(This essay was originally published in my January, 2009 E-newsletter, during the recession. How easy it is to forget how scary those times were, how tenuous. Today, our world faces different challenges, as we always will. This has been slightly revised.)
My first home was a barracks in Iowa, where Dad was going to school. Once, money was so tight my Mom broke into tears when the monthly rent money couldn’t be found. You can imagine her relief when it was found, misplaced, in our icebox.
Years later my sisters Mary and Amy, my brother David, and I practically lived on peanut butter sandwiches and “sloppy joes” when the family relocated to Lawrence, Kansas so my Dad could pursue his doctorate. (Peanut butter and mayonnaise was one of my favorites, if memory serves – the thought today makes my stomach revolt. My Dad liked peanut butter and bananas.) Throughout my childhood, money was scarce as my parents went to school at various times and entered teaching. Still, we always found inexpensive fun like kick the can or tennis at the public tennis courts.
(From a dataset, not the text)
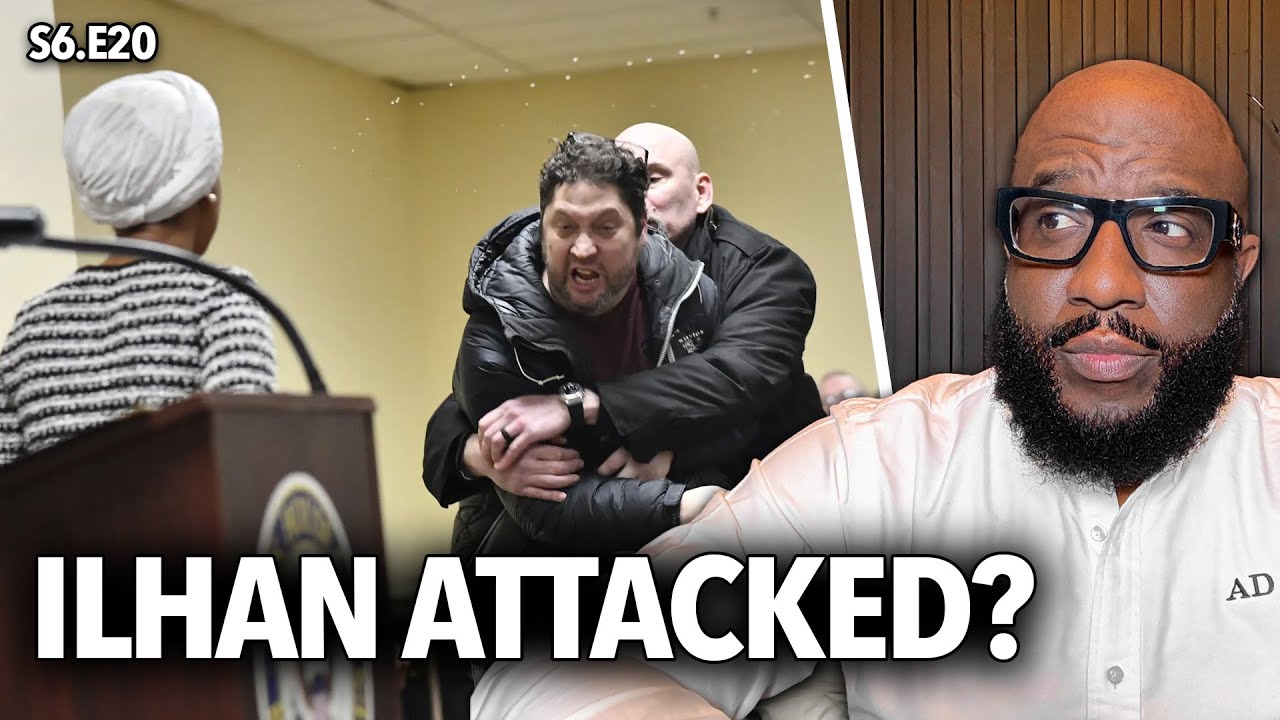 Ilhan Omar Attacked? | Man Arrested At Town Hall, Sebastian Telfair Talks $20 Million Loss | S6.E20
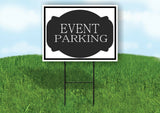 EVENT PARKING BLACK TAG Yard Sign with Stand LAWN SIGN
My grandfather was a shop teacher in Lorraine, a town of 125 in rural Kansas, when my Dad was young. Grandpa’s teaching contract was for $110 a month with the condition that the “contract automatically expires in event sufficient taxes are not paid to meet salaries.” But as Dad wrote about those days,
We had lots of fun as a family and everyone in town knew us and we knew everyone. Mom made the best raised glazed donuts I ever ate. In later years Mom and I even talked about opening a donut store. And can you believe she made homemade potato chips? I still have the potato slicing board. It must be an antique by now. I can remember playing pinochle. I doubt if I was very good at that age but it was a card game that Mom and Dad could play that didn’t cost anything.
Mom’s side of the family was different. They really were poor. In 1937, the midst of the depression, Mom, her brother, and parents, were tossed off the Oklahoma farm they had been leasing. They auctioned off all their belongings – from farm equipment to axle grease to the family cat – which produced a grand total of $1,432.64. My grandmother said the family was “going to the poor house.” As Mom wrote, “But for the grace of God we would have put our mattress on the top of our old car and WE would have had to go to California or anywhere my Dad could make a living for us.” No wonder she was so scared years later when she unwittingly made the ice box a deposit box for the rent money.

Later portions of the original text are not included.